So what is the delay? Well basically, when this whole structure was set up the Bank of Spain didn't seem to be fully aware that the EU Competition rules put a limit on direct aid to banks and cajas at 2 percent of their risk capital. Aid above this level would violate the EU unfair competition regulations.
The FROB is mainly directed at Spain's Cajas, since the 45 largely unlisted savings banks have been hit badly by the slump in the country's property sector after a decade-long boom and have some of the highest non-performing loan ratios in the financial sector.
Now it appears that the needs of the first three Caixas (the Catalan version of Caja) seeking to restructure under the FROB (Manresa, Tarragona and Catalunya) may well go beyond the 1.315 billion euros currently available under the regulations. And they may therefore need additional aid from the Spanish government under another heading. And it is just how to go about effecting this support that seems to be the sticking point in the negotiations - negotiations which have now dragged out over several months, despite the fact that the situation needs somewhat urgent resolution.

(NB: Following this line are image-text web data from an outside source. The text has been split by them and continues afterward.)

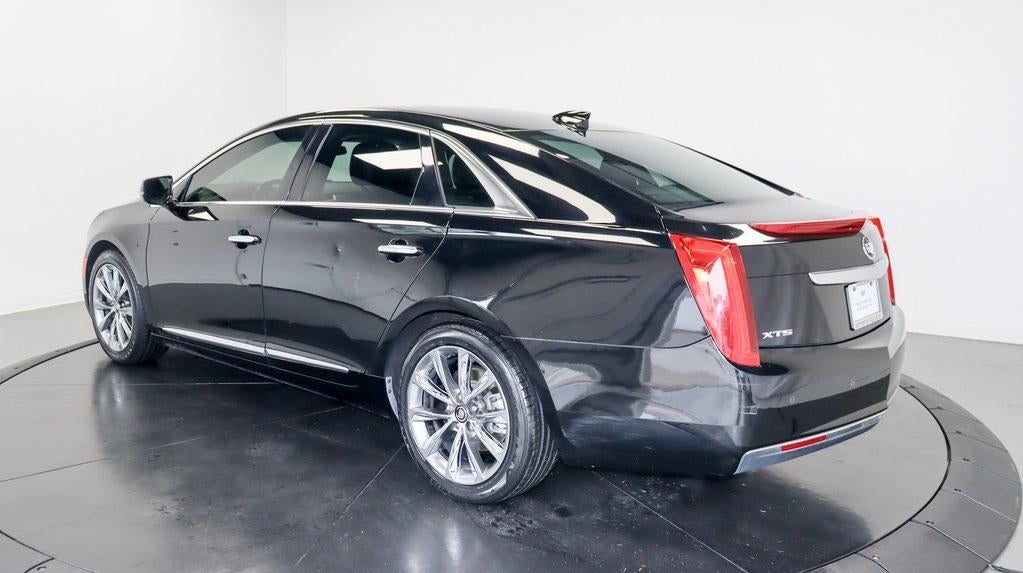 2015 Cadillac XTS Standard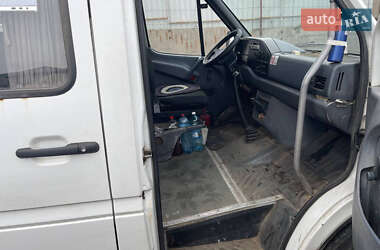 Микроавтобус Mercedes-Benz Sprinter 1998 в 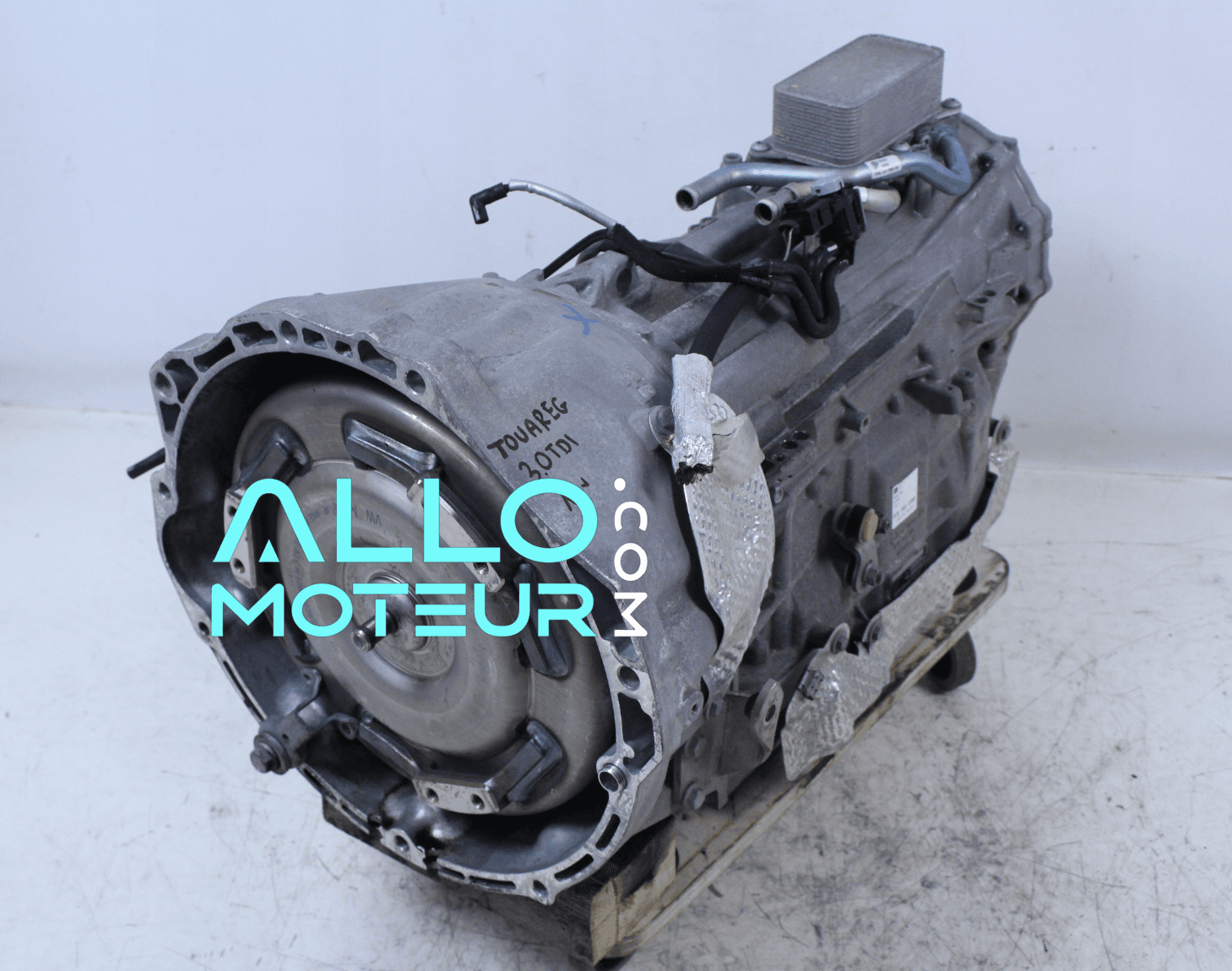 Boite de vitesses auto VOLKSWAGEN TOUAREG 3.0 TDI 0C8300038F NXK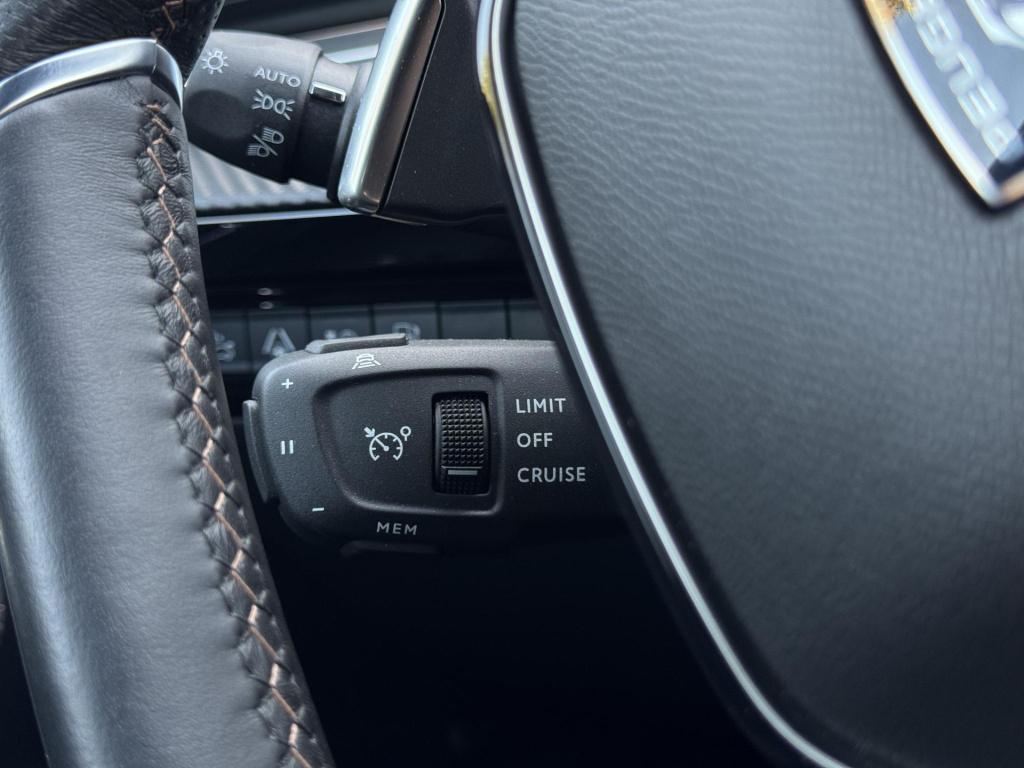 Peugeot 508 1.6 hybrid 180 gt nl-auto, nieuwstaat incl. afneembare trekhaak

Help does however now seem to be at hand. The three savings banks in question agreed last week to postpone plans to merge until the European Union's executive Commission had ratified the FROB restructuring plan, and the European Commission said on Monday it was confident of issuing a positive decision on Spanish government scheme. The Commission, which has the responsibility for ensuring that state aid does not skew competition across the 27-country EU, is in "constructive discussions" with the Spanish authorities over the plan, according to Commission spokesman Jonathan Todd. And just in case the discussions need that little bit extra gusto, the Spanish Economy Commission Joaquin Almunia will shortly be taking over as Competition Commissioner in the forthcoming reshuffle.
According to Jonathan Todd "The Spanish authorities have to clarify what their intentions are." Honorable I hope! Todd also stated that while there was no fundamental problem, the Commission had to ensure that the scheme complied with EU state aid rules. In particular the sticking points seem to revolve around the interest rate the Cajas will have to pay to the FROB, and whether or not any additional bailouts from the Spanish government will need to go to Brussels on a case by case basis. Whoever was it who said, sometimes trying to make things easy you end up making them more difficult.
"The Commission is confident that we will be able to come to a positive outcome on the regime."
Housing Stats Under The Spotlight
Moving on to other matters, a great deal of attention has been showered of late on the perceived weaknesses of the Greek statistical agency. But Greece is far from being the only example of a European country were the process of statistics gathering is rather unsatisfactory. Enrico Giovannini, chairman of the Italy’s national statistics institute, also recently argued that national statistic agencies should have the same autonomy as central banks to avoid attempts by government to influence economic data.
Well, Spanish Property Insight blogger Mark Stucklin just drew attention to another example of a practice which is far from perfect - the Spanish housing ministry's property prices statistics.
Mark draws our attention to the fact that the Economist, in their latest house affordability survey, find that Spanish house prices are "still 55% above their fair value despite Spain’s property market crash". Indeed using its "fair-value measure" methodology for property "based on the ratio of house prices to rents" the Economist find that Spain's property is the most overvalued among the countries surveyed -overvalued by 55%, followed by Hong Kong (+53%), Australia (+50%), France (+40%), Sweden (+35%), Ireland (+30%), and Britain (+29%).
Not so says Mark:
The problem with this method is it’s based on official housing market price statistics, which in Spain’s case are detached from reality. As I explain in my last article Spanish property prices down just 6pc in 2009 says Government, everyone in Spain knows that the Ministry of Housing’s figures are baloney. There are no reliable figures for the Spanish property market, but I guess that prices are probably down by more than 10% on average last year, and by 30% or more since the peak. If The Economist used real transaction price figures it would find that Spanish housing prices are much closer to fair value than they think.
And as Mark also points out:
Given how damaging it is for Spain to have international creditors read in a prestigious magazine like The Economist that Spanish property prices are the most overvalued in the world, you would think the Ministry of Housing would be racing to make its figures more accurate. That one step alone would do more good than all the ineffective initiatives produced by the Ministry of Housing in the last decade.
You would think Spain's Housing Ministry would eventually recognize this, wouldn't you? We live in hope. In the meantime EU Finance ministers agreed this week to seek powers for the EU’s statistics division to audit official financial information from member states. An earlier - 2005 - Commission proposal would have given just this “audit capacity” to Eurostat, but it was rejected by the EU governments. The failure to take this decision then is something which is bitterly regretted by many of those involved.
“We asked for these audit capacities in some cases, not every day, not every time, not under every condition, but under several conditions that will justify this kind of audit capacity,” Mr Almunia told reporters in Brussels. “We didn’t get it. We intend to repeat the same proposal now with the new evidence about the need for having this capacity.”
Spanish economy minister Elena Salgado, who chaired the Finance Ministers meeting, in subsequent questions with journalists dismissed a suggestion that Greece would default on its debt. “I think Greece is going to do all that is necessary so we’re not worried about that,” she reportedly told journalists. I only wish I could bring myself to think that M. Salgado was going to do all that was necessary to bring down Spain's deficit by taking the economy back to job creation and growth. Unlike her, I am worried about that, and remain unconvinced by all her statements to the contrary.